Rep. Paula Stark’s move to be placed on the ballot to retain her District 47 seat was rejected by a Leon County court Wednesday, News Service of Florida reports.
At a hearing held Wednesday morning, Judge Joshua Hawks of the Second Judicial Circuit believed the five state elections officials working in the hour before the deadline that if they had received all of the required paperwork, they would’ve stamped it on June 12, the deadline for candidates to qualify to be on the ballot, the day Stark and campaign treasurer Joel Davis took paperwork to Tallahassee to turn in.
The five employees with the Florida Department of State's Division of Elections who were processing paperwork delivered by candidates on June 12 filed affidavits as part of the a court case filed by Stark to get her name on the ballot, saying they stamped all paperwork that came in that day.
"Staff at the counter were instructed to, beginning at 11:30 am that day, prioritize receiving and timestamping in all items handed to us and to not provide courtesy reviews of the items so that all timely submissions could be timestamped before the deadline," one of the affidavits read.
Stark's application to qualify for the ballot was rejected for the lack of a financial disclosure form, which Davis says was submitted to Division of Election officials before the noon June 12 deadline.
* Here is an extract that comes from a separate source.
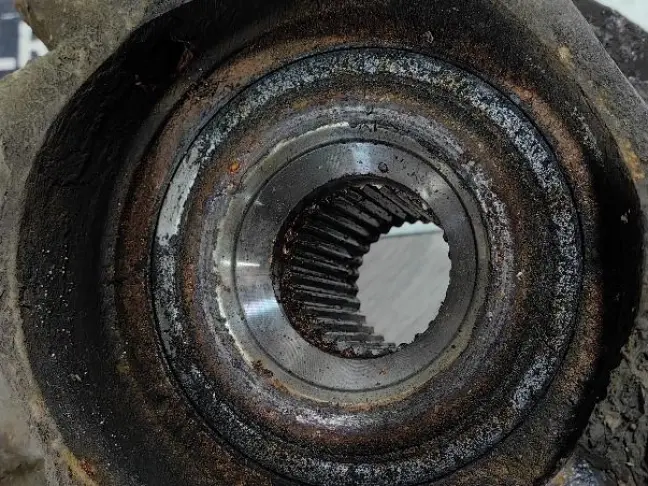 Кулак поворотный передний правый DISCOVERY 3 L319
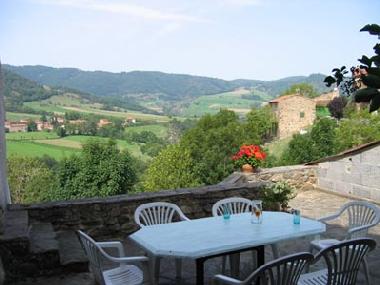 Holiday House in St Ilpize (Haute-Loire) or holiday homes and vacation rentals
But Judge Hawks didn’t credit that testimony, believing instead the five officials working in the hour before the deadline that if they had received the paperwork, they would’ve stamped it; no such stamped copy of Stark’s financial disclosure form, known as Form 6, was presented to the court.
“Given the Court’s adverse credibility determination regarding (Stark’s) only witness, (Stark) has not established a clear legal right for the Respondents to perform a ministerial duty,” Hawkes wrote. “The Court does not credit the story of DOE staff immediately returning the Form 6, the Form 6 was not turned in before the noon deadline, and (Stark) did not show that she qualified for HD47.”
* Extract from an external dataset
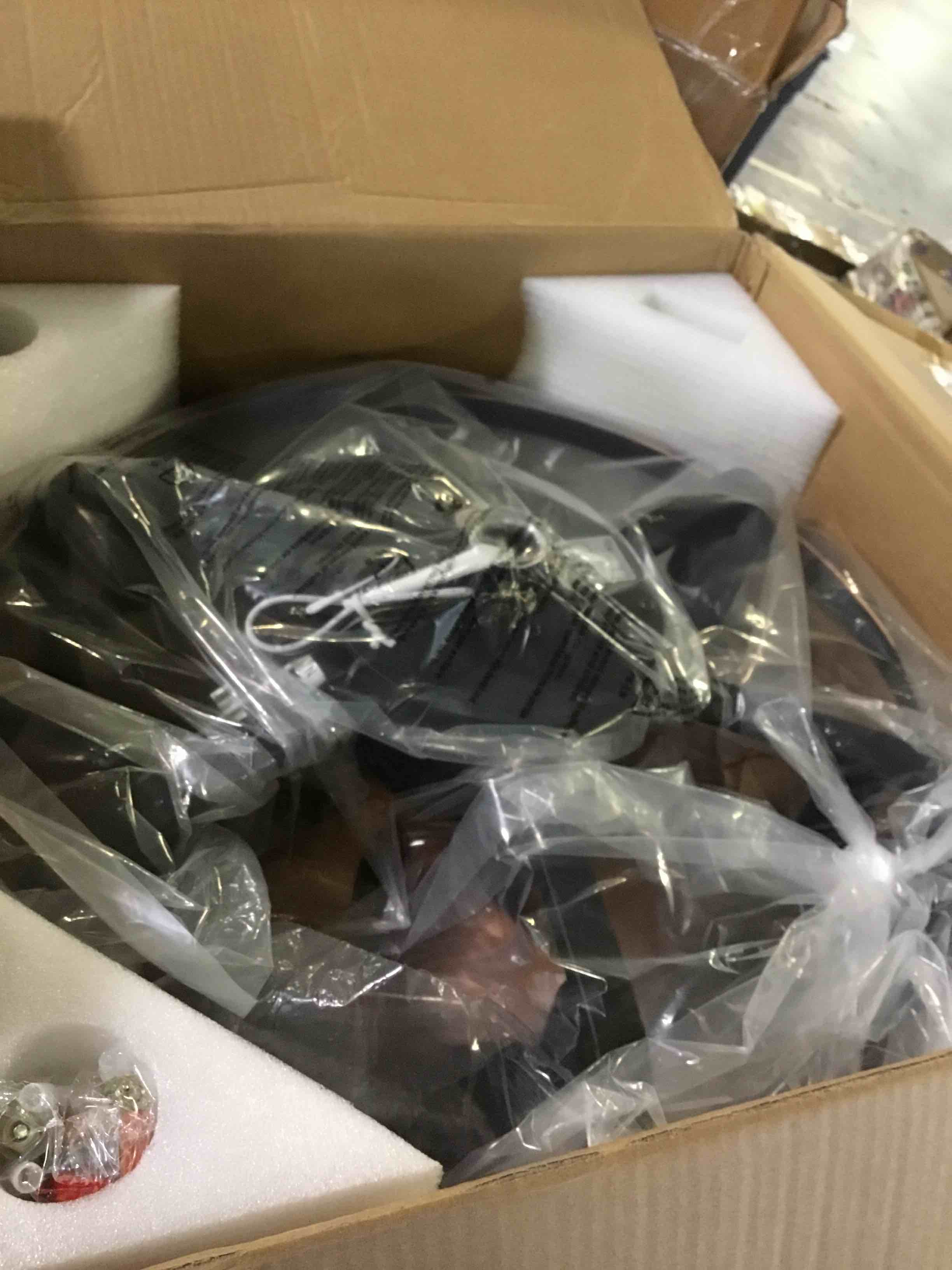 https://s3.amazonaws.com/lotting-images-prod/bidfta/BLU5665535_1696268269910.jpeg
Hawkes gave Stark seven days to file evidence showing why her petition shouldn’t be dismissed, but otherwise his order leaves her off the ballot. If the order stands, it would mean Democrats flip the district, which covers a sliver of Orange County south of State Road 417 and the Florida Turnpike, and a swathe of Osceola County that includes St. Cloud and Buenaventura Lakes.
Neither Stark or Davis have returned calls or texts for comment as of midday Thursday.
Should this action stand, Democrats Jorge Figueroa and Anthony Nieves will square off in the Democratic primary to see who will replace Stark. With no other candidates qualified for the race, all voters in District 47 regardless of party affiliation will vote in that race in the Aug. 18 "universal primary", when it will be decided. Had Stark been in the race, Figueroa and Nieves would have run in a Democrat-only primary, with the winner facing Stark in the Nov. 3 general election.
Mail-in ballots to overseas military voters have already been mailed, and those going to local voters who've request vote-by-mail ballots are already printed, the Osceola County Supervisor of Elections office said Thursday.
Stark, 69, was first elected to the House in 2022, when she narrowly defeated Nieves by 878 votes out of more than 46,000 cast, or about 1.8 percent. In 2024, Stark defeated Democrat Maria Revelles by 1,246 votes out of more than 77,000 cast, or about 1.6 percent.